At the time it took place on Tuesday night, Richard Krajicek was the highest-seeded player in the bottom half of the draw, with the experience of having beaten Michael Stich and Pete Sampras at last year's Wimbledon and with the ability to beat them again. His defeat let Stich and particularly Sampras back in and led indirectly to Sampras being a clear favourite today.

The quite extraordinary thing about the match was that it recreated the atmosphere of People's Sunday when Tim Henman had beaten Paul Haarhuis 14-12 in the fifth. People believe People's Sunday is unique, but with Henman returning to the scene of the crime with all the expectations, a young pretender taking on the king, and another Dutchman at that, it almost matched Sunday night.

Henman started in terrific form, striking the ball so cleanly it belied the court which looks - and this year plays - like a spinner's wicket. Krajicek was also hitting the ball well and it was a terrific tussle. The three sets they played on Tuesday night all went to the tiebreak, which I think is unique in this year's Championships.

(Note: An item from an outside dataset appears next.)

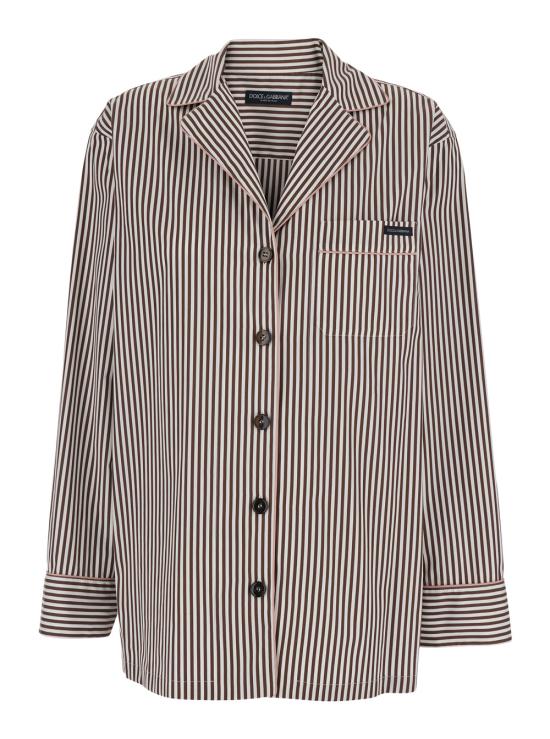 26SS 돌체앤가바나 스트라이프 패브릭 베니티 셔츠 F5U37TFR52KS8051 Brown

In particular, Henman's forehand volley stands out - it could in time become as much his trademark as the Edberg backhand was - and he deservedly took the first set. Yet with the king defending so resolutely, the second set deservedly went his way, and the momentum shifted. Krajicek's serve, which is like a karate blow with the ability to break bricks, began to register, and it was hardly a surprise when he took the first break to go 3-1 up in the third set.

This was the point when the match turned. Suddenly Krajicek showed his old weaknesses, he wanted to get off court when there was clearly enough light to finish at least the third set. He spoke to the umpire, asked the referee to take them off, and lost the thread of the match - most unprofessional and really outrageous from a champion. Perhaps he was so relieved to have survived the storm of the first set and got back to 1-1 that he wasn't mindful of the overall state of the match. Given his state of mind he did well to reach the tiebreak, but he deservedly lost it.

When they resumed on Wednesday afternoon the tennis was not of the same high standard, and this time Henman was under the greater pressure. But he rode the support to play the big points well, while Krajicek reaped the rewards for his doubting Thomas attitude of the previous day.